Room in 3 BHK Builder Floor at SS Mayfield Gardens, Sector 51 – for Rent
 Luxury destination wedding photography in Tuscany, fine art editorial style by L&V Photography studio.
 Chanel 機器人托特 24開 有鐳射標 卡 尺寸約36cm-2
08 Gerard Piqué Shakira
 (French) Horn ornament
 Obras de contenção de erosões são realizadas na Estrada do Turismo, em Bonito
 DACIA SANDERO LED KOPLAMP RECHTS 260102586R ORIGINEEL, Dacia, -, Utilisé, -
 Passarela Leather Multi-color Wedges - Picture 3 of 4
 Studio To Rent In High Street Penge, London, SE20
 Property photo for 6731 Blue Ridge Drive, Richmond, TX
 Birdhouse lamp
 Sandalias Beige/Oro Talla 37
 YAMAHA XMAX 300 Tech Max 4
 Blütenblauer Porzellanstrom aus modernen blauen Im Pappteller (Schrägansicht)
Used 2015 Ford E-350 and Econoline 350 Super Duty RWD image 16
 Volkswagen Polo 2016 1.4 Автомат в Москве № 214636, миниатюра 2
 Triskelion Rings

§ §

__Exercise details__.
Would you please set down the lines from the one with "Obras de contenção" to the end of the data above, exactly and without any other lines?

__Answer area__.
 Obras de contenção de erosões são realizadas na Estrada do Turismo, em Bonito
 DACIA SANDERO LED KOPLAMP RECHTS 260102586R ORIGINEEL, Dacia, -, Utilisé, -
 Passarela Leather Multi-color Wedges - Picture 3 of 4
 Studio To Rent In High Street Penge, London, SE20
 Property photo for 6731 Blue Ridge Drive, Richmond, TX
 Birdhouse lamp
 Sandalias Beige/Oro Talla 37
 YAMAHA XMAX 300 Tech Max 4
 Blütenblauer Porzellanstrom aus modernen blauen Im Pappteller (Schrägansicht)
Used 2015 Ford E-350 and Econoline 350 Super Duty RWD image 16
 Volkswagen Polo 2016 1.4 Автомат в Москве № 214636, миниатюра 2
 Triskelion Rings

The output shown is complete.